優秀なデベロッパに光を!
僕ももう30歳になり,自らアプリケーションのコーディングを仕事で行うことは,めっきり少なくなった。設計やベース部分,開発ツールなどを手がけることが多くなり,もしかしたらMicrosoft Office製品を触っている時間の方が多いかもしれない(いや,確実に多い)。プロジェクトに参加する数多くのプログラマを面倒見つつ,いろんな雑務をこなしながら,システムの実装作業を指揮する。はっきり言って,自分が何人いても足りない。
実装作業に秀でたデベロッパを数人知っている。彼らが描くプログラムは,合理的であり,生産性が高く,多くの視点に基づいていて,しかも芸術的である。視点が多いということは,プログラムの実行時に生じる可能性のある,あらゆる状況に対して適切な対処を講じることができていることを示す。安心できるコードはつまり,そういうことだ。
しかし,何故かこのソフトウェア開発業界は,優秀なデベロッパから得意分野を取り上げる。
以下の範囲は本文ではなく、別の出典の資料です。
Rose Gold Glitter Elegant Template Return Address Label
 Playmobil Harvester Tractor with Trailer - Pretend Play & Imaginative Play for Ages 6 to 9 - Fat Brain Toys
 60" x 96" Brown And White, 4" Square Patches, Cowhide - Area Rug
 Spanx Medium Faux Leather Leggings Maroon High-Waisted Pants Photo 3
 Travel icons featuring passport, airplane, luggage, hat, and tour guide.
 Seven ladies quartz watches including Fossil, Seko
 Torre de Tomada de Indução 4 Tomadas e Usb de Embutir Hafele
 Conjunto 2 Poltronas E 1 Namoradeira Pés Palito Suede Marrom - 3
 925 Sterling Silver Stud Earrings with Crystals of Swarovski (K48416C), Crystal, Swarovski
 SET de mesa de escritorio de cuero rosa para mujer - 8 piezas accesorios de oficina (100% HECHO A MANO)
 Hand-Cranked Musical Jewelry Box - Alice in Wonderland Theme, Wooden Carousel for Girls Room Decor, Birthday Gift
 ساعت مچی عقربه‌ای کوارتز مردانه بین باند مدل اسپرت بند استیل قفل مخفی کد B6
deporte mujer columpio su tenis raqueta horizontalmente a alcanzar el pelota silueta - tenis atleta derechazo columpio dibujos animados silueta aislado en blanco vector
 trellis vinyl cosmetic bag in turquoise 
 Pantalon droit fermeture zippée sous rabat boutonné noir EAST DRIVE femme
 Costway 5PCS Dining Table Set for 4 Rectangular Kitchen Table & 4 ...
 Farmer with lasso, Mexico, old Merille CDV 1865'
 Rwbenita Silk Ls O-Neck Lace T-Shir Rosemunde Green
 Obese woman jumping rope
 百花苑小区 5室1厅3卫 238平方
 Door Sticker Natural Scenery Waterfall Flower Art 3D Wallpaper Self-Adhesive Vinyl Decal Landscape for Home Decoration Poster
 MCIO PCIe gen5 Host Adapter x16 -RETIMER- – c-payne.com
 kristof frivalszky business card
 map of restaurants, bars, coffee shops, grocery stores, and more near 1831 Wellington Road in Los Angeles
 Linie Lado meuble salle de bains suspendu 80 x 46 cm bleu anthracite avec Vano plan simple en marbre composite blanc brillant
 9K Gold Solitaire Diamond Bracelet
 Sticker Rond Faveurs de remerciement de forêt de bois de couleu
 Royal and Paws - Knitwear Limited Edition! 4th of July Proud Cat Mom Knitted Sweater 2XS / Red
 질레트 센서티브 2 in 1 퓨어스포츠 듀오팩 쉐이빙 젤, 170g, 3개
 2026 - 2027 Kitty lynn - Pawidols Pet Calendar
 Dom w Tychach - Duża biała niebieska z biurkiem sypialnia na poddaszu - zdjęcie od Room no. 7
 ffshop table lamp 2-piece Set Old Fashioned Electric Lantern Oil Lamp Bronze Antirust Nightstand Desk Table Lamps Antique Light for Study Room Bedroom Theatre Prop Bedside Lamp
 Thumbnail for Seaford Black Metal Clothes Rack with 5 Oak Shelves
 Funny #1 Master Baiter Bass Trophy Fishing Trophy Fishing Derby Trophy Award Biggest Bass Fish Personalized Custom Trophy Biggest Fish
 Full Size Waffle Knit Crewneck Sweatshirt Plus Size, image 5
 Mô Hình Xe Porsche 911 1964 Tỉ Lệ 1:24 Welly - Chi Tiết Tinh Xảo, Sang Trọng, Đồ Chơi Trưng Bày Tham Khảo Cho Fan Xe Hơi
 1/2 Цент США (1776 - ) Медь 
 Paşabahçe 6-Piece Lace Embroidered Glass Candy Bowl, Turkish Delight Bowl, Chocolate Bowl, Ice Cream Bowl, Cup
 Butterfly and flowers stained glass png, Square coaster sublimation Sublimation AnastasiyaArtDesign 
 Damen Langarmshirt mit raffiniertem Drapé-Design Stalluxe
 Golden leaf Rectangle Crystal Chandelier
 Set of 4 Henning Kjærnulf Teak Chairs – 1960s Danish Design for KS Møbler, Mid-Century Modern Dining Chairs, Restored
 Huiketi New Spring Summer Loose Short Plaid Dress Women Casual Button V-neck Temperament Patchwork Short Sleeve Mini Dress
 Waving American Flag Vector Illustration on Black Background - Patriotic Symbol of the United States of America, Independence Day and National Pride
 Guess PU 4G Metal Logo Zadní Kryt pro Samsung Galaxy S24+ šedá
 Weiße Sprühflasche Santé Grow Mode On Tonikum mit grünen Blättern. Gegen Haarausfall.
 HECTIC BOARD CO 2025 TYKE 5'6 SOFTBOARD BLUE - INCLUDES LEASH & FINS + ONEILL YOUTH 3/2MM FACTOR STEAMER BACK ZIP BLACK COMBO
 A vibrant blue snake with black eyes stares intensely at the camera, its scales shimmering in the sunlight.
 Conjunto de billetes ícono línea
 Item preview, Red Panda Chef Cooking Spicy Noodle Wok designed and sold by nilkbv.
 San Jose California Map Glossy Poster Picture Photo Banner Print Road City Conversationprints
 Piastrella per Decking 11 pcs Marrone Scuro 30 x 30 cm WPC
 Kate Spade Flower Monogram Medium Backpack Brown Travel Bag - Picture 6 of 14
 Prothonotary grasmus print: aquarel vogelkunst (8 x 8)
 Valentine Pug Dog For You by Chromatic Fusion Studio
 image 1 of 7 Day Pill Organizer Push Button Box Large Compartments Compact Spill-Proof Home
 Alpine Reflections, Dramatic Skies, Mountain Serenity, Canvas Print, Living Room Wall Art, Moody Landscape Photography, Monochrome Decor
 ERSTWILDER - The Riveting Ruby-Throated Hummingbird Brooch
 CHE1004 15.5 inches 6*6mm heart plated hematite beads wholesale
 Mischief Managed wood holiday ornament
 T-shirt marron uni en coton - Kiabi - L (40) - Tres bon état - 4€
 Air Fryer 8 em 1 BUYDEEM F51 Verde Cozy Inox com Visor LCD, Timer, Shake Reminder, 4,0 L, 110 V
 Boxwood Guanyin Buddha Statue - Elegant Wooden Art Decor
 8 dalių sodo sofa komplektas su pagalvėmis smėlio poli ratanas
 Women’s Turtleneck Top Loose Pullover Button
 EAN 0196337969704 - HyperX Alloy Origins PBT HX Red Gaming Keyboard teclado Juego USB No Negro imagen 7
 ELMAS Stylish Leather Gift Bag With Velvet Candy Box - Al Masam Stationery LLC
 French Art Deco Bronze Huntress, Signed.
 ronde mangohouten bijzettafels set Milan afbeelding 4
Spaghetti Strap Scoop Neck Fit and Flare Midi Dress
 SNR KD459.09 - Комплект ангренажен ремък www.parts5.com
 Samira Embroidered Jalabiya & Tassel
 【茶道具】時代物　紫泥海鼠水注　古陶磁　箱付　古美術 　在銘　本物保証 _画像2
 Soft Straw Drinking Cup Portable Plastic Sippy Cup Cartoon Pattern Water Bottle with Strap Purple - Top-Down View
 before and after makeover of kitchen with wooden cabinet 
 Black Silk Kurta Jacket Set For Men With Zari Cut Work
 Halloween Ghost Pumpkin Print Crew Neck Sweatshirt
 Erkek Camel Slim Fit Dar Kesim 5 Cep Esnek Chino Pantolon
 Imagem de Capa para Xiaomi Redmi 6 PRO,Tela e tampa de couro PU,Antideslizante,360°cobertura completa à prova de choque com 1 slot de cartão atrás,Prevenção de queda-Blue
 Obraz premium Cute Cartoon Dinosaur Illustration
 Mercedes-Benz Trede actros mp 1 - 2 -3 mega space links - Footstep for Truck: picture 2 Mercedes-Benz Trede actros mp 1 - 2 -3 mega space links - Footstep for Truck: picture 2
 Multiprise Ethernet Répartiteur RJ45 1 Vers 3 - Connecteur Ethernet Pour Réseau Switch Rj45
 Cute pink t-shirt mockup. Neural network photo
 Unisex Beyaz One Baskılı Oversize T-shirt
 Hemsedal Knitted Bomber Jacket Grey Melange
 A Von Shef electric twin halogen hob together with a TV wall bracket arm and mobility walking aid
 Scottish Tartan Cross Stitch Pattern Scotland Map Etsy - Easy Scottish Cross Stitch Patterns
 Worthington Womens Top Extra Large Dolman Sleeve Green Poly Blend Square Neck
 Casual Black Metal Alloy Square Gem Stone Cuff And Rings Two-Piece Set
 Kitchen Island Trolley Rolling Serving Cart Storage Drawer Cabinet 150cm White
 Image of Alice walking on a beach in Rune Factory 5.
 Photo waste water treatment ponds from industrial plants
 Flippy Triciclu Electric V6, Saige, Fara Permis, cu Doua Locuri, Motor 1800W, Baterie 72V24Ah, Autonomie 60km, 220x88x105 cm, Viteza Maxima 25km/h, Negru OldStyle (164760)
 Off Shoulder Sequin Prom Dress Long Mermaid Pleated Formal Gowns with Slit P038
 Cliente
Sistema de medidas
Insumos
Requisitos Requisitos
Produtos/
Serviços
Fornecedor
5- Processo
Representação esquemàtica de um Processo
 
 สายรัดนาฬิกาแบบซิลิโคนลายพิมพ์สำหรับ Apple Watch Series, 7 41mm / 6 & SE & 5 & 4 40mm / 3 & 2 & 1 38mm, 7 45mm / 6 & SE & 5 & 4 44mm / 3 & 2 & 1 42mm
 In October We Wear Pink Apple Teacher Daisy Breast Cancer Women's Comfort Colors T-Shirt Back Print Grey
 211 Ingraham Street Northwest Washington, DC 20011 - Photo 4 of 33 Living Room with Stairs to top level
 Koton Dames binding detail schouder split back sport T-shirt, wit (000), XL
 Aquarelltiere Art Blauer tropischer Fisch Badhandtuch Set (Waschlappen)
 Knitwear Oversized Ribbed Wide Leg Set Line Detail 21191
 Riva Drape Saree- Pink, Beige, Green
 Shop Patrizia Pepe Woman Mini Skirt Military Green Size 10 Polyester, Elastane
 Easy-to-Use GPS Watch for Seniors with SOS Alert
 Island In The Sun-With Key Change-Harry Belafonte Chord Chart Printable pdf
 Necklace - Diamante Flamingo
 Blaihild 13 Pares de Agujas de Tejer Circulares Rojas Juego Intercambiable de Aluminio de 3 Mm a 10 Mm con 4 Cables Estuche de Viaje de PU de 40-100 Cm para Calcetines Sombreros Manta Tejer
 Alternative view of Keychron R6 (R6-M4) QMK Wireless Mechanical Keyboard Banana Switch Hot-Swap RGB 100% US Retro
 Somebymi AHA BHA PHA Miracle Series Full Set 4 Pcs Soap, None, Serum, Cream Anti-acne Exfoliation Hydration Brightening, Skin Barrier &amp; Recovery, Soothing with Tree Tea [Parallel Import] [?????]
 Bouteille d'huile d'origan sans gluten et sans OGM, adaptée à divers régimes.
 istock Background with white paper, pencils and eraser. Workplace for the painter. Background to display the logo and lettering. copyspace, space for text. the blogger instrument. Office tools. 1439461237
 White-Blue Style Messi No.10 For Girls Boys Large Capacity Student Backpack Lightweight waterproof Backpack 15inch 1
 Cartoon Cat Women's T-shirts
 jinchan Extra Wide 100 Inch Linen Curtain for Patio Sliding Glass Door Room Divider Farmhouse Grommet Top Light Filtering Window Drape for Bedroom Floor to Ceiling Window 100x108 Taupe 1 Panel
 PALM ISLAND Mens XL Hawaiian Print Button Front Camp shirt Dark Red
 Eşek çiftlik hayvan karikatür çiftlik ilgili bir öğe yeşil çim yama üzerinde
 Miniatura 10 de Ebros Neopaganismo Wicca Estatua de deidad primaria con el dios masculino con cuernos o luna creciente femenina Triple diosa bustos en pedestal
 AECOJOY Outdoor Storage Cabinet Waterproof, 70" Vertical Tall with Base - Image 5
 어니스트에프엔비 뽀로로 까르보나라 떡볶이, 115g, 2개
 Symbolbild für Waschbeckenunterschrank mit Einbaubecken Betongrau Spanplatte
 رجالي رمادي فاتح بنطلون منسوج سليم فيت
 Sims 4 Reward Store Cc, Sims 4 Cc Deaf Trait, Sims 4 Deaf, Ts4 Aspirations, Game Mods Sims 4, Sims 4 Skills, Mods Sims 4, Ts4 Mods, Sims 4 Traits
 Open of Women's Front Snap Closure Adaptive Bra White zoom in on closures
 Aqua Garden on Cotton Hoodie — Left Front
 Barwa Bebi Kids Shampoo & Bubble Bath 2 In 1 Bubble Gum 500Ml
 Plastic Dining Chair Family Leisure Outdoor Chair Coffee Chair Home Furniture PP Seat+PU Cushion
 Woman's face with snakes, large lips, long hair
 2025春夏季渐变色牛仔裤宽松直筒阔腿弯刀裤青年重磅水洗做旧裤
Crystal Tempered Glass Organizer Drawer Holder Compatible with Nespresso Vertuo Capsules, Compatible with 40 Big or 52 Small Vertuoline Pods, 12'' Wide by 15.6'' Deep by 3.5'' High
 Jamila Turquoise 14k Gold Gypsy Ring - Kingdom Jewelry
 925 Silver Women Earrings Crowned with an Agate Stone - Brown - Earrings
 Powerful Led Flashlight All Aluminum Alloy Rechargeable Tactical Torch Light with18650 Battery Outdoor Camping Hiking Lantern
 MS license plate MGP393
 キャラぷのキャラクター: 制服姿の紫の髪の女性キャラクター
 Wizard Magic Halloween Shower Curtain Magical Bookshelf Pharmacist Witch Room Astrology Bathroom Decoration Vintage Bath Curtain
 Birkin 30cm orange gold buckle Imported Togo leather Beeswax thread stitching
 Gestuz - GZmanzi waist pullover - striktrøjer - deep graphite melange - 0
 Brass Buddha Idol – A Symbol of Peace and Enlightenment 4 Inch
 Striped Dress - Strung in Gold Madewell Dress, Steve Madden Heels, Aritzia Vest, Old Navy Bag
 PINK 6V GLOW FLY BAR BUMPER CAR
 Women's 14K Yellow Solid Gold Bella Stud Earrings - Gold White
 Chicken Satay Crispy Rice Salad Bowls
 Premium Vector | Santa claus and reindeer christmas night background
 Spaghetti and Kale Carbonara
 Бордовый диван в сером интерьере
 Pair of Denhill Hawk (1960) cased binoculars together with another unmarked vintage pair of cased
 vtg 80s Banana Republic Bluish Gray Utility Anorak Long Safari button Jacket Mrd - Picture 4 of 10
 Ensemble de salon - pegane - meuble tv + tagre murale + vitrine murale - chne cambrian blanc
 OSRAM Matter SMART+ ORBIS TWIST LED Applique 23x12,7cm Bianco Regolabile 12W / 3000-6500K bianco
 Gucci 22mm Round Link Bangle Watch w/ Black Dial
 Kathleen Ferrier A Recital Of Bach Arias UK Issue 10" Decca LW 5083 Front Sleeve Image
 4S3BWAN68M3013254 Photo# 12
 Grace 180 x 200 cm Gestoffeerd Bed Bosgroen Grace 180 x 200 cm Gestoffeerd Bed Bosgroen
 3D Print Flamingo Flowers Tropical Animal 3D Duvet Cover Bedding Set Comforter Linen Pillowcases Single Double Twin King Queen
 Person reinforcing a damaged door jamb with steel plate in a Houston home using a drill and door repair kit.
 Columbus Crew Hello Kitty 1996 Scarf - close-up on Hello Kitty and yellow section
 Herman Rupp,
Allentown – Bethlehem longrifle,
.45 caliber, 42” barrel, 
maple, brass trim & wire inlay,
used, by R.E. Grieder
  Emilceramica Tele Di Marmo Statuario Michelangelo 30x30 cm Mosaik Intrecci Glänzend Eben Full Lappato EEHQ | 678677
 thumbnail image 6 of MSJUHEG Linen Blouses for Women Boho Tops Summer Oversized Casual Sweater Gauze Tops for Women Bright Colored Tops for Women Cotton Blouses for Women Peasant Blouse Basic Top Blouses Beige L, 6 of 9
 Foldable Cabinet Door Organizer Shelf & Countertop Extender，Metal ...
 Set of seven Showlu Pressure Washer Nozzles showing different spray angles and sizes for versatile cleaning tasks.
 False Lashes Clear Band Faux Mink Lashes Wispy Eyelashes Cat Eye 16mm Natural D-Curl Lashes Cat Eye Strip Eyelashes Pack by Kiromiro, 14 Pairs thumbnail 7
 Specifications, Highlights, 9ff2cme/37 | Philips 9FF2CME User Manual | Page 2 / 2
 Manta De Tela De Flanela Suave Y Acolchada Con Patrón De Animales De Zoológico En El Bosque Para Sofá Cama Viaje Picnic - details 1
実装作業について優秀な人材は,設計者に「格上げ」される。つまり,コンパイラは取り上げられ,その代わりにMicrosoft Officeを与えられるのだ。少なくとも,Officeにコンパイル機能はない(モジュールは別)。実装感覚を持ったデベロッパは確かに優秀な設計者になり得るが,相変わらず実装をやらせた方が生き生きとしているデベロッパも大多数を占めるはずだ。
優秀なデベロッパを設計者にしてしまえば,残るのは「新人,あるいは優秀ではないデベロッパ」である。優秀かそうでないかの違いからくる生産性は,相乗以上に大きい。つまり,結局はプロジェクトに集められるプログラマは「優秀でない」人が集まる。その分,教育もかかるし,生産性も優秀なデベロッパに比べると,かなり期待できない。結果,プロジェクトの生産性は上がらない。そりゃそうである。優秀な人材を除外してしまっているのだから。
それを仕方ないと考えるのは簡単だが,現場はホントに深刻である。例えば,こんなコードを平気で記述される。
interface Dao {
void save(Model m);
}
void foo() {
Dao dao = …;
try {
dao.save(…);
} catch(Exception e) {
throw new IllegalStateException(“エラー”);
}
}
あり得ない。デバッグを放棄しているようなものである。「catch(Exception e)」は,Javaの仕様でコンパイルエラーにして欲しいと思ってしまうほど,これはひどい。しかし,プロジェクトに配属されるプログラマは,こんなもんなのだ。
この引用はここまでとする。